┌─ Dataset

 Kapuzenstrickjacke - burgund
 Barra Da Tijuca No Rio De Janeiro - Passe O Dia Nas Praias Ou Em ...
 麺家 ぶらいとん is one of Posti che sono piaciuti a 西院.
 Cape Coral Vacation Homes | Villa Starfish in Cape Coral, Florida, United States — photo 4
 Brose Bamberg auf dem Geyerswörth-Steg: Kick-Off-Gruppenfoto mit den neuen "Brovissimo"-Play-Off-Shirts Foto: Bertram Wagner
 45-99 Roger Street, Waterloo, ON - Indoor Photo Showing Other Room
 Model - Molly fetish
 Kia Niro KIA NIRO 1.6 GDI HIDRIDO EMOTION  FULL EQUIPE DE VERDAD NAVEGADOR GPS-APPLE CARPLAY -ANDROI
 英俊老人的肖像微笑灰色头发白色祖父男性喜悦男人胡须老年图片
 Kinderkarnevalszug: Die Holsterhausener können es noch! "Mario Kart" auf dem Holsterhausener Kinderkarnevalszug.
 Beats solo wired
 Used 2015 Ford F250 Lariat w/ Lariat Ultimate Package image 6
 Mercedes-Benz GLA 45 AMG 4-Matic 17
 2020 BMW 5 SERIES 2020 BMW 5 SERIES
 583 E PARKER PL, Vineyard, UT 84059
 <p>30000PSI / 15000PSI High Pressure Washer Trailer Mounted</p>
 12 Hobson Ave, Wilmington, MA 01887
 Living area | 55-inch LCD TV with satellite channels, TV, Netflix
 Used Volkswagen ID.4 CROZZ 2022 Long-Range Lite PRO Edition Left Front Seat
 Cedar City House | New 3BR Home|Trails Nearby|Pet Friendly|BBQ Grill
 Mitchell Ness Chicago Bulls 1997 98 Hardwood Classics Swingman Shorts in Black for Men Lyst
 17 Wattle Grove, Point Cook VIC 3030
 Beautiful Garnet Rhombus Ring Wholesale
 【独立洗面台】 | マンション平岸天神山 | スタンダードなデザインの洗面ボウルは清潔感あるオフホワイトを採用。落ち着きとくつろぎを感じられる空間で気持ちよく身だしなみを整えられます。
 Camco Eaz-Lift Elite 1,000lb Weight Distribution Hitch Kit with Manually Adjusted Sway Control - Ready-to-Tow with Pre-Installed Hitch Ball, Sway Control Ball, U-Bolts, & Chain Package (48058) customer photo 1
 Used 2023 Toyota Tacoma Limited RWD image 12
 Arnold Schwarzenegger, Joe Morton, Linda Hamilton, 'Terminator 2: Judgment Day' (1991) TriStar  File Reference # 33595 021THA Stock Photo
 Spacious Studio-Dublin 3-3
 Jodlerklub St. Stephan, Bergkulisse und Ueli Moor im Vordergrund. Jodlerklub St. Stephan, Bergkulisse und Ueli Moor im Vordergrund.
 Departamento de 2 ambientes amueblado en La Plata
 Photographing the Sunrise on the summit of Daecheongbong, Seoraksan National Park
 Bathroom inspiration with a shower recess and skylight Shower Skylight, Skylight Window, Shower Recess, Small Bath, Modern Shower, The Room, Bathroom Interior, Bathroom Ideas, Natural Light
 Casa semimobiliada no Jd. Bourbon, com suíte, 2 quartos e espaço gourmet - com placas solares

└─

● Task item
Please repeat the records so that each one reads exactly as it does above.

● Output for this task
 Kapuzenstrickjacke - burgund
 Barra Da Tijuca No Rio De Janeiro - Passe O Dia Nas Praias Ou Em ...
 麺家 ぶらいとん is one of Posti che sono piaciuti a 西院.
 Cape Coral Vacation Homes | Villa Starfish in Cape Coral, Florida, United States — photo 4
 Brose Bamberg auf dem Geyerswörth-Steg: Kick-Off-Gruppenfoto mit den neuen "Brovissimo"-Play-Off-Shirts Foto: Bertram Wagner
 45-99 Roger Street, Waterloo, ON - Indoor Photo Showing Other Room
 Model - Molly fetish
 Kia Niro KIA NIRO 1.6 GDI HIDRIDO EMOTION  FULL EQUIPE DE VERDAD NAVEGADOR GPS-APPLE CARPLAY -ANDROI
 英俊老人的肖像微笑灰色头发白色祖父男性喜悦男人胡须老年图片
 Kinderkarnevalszug: Die Holsterhausener können es noch! "Mario Kart" auf dem Holsterhausener Kinderkarnevalszug.
 Beats solo wired
 Used 2015 Ford F250 Lariat w/ Lariat Ultimate Package image 6
 Mercedes-Benz GLA 45 AMG 4-Matic 17
 2020 BMW 5 SERIES 2020 BMW 5 SERIES
 583 E PARKER PL, Vineyard, UT 84059
 <p>30000PSI / 15000PSI High Pressure Washer Trailer Mounted</p>
 12 Hobson Ave, Wilmington, MA 01887
 Living area | 55-inch LCD TV with satellite channels, TV, Netflix
 Used Volkswagen ID.4 CROZZ 2022 Long-Range Lite PRO Edition Left Front Seat
 Cedar City House | New 3BR Home|Trails Nearby|Pet Friendly|BBQ Grill
 Mitchell Ness Chicago Bulls 1997 98 Hardwood Classics Swingman Shorts in Black for Men Lyst
 17 Wattle Grove, Point Cook VIC 3030
 Beautiful Garnet Rhombus Ring Wholesale
 【独立洗面台】 | マンション平岸天神山 | スタンダードなデザインの洗面ボウルは清潔感あるオフホワイトを採用。落ち着きとくつろぎを感じられる空間で気持ちよく身だしなみを整えられます。
 Camco Eaz-Lift Elite 1,000lb Weight Distribution Hitch Kit with Manually Adjusted Sway Control - Ready-to-Tow with Pre-Installed Hitch Ball, Sway Control Ball, U-Bolts, & Chain Package (48058) customer photo 1
 Used 2023 Toyota Tacoma Limited RWD image 12
 Arnold Schwarzenegger, Joe Morton, Linda Hamilton, 'Terminator 2: Judgment Day' (1991) TriStar  File Reference # 33595 021THA Stock Photo
 Spacious Studio-Dublin 3-3
 Jodlerklub St. Stephan, Bergkulisse und Ueli Moor im Vordergrund. Jodlerklub St. Stephan, Bergkulisse und Ueli Moor im Vordergrund.
 Departamento de 2 ambientes amueblado en La Plata
 Photographing the Sunrise on the summit of Daecheongbong, Seoraksan National Park
 Bathroom inspiration with a shower recess and skylight Shower Skylight, Skylight Window, Shower Recess, Small Bath, Modern Shower, The Room, Bathroom Interior, Bathroom Ideas, Natural Light
 Casa semimobiliada no Jd. Bourbon, com suíte, 2 quartos e espaço gourmet - com placas solares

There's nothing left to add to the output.